Опасаюсь только того, что сии разбойники, сведав о приближении команд, не обратились бы в бег, не допустя до себя оных...
Из рапорта ген. Кара Екатерине II.
I
В Петербурге сведения о восстании впервые были получены лишь 14 октября. Подобно оренбургскому губернатору, центральное правительство вначале не придавало или, вернее, делало вид, что не придает большого значения движению, и расценивало его как «местный бунт шайки непослушных казаков», который может «расстроить рекрутский набор», но скоро будет ликвидирован. Сама Екатерина смотрела на восстание как на очередную «глупую казацкую историю».
Тем не менее правительство сразу же приняло энергичные меры для ликвидации «оренбургских замешательств», все сведения о которых оно в течение трех месяцев хранило в строгом секрете, стараясь всячески представить это движение в глазах Западной Европы, где вскоре заговорили о Пугачеве в периодической печати, как «глупый фарс» и «скопище разбойников и грабителей, которые проказят, потому что с испокон веков такова их натура».
Английский поверенный в делах Ричард Оакс в своем донесении от 5 ноября сообщал, что «все касающееся до возмущения Оренбургского края, по возможности сохраняется в тайне, но известно, что вести, получаемые оттуда, все более и более неблагоприятны». И еще раньше (23 октября) Оакс писал: «Хотя здешний двор усиливается сохранить это в глубочайшей тайне, тем не менее повсюду стало известно, что один казак воспользовался неудовольствием Оренбургского края, для того чтобы выдать себя за покойного императора Петра III, и что число последователей этого претендента так велико, что произвело опасное восстание этих губерний».
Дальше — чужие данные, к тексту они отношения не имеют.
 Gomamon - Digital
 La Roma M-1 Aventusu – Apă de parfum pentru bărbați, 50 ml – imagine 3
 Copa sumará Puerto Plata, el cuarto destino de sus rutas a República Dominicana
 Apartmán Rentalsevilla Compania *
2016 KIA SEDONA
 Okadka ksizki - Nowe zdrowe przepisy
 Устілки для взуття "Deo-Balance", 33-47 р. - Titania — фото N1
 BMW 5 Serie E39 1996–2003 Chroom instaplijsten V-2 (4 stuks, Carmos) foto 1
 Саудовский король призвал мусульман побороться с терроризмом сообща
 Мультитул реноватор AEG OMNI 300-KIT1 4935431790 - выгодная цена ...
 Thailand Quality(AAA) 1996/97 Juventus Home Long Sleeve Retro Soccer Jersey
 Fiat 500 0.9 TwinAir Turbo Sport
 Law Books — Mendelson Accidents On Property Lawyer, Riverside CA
14 октября Екатерина II назначила командира С.-Петербургского легиона генерал-майора Кара главнокомандующим над всеми войсками, принимавшими участие в подавлении восстания. Ему было поручено: «Учинить над оным злодеем поиск и стараться как самого его, так и злодейскую его шайку переловить и тем все злоумышление прекратить».
В помощь Кару был назначен кровавый усмиритель восстания яицких казаков в январе 1772 г. генерал Фрейман, который хорошо был знаком с местными условиями и обычаями казаков.
Одновременно с этим правительство направило в район восстания регулярные войска. Одна рота была отправлена в Казань из Новгорода, а другая — из Москвы. Из Калуги на почтовых повезли 3 пушки с прислугой; в район Царицына были посланы из Бахмута два гусарских эскадрона, а из Псковской и Могилевской губерний направлены в Саратов четыре легкие полевые команды при 16 орудиях.
Отряду башкир численностью в 700 человек, находившемуся в Смоленске, было приказано следовать спешно к Оренбургу. Вслед за войсками правительство отправляло пушки и ружья для вооружения отрядов, сформированных на месте казанским губернатором.
Опасаясь «замешательств» среди донских казаков, правительство командировало в область войска Донского офицеров со «специальным заданием» и дало распоряжение коменданту крепости святого Дмитрия (ныне Ростов-на-Дону) генералу Потапову строго следить за настроением донского казачества в связи с восстанием Пугачева1.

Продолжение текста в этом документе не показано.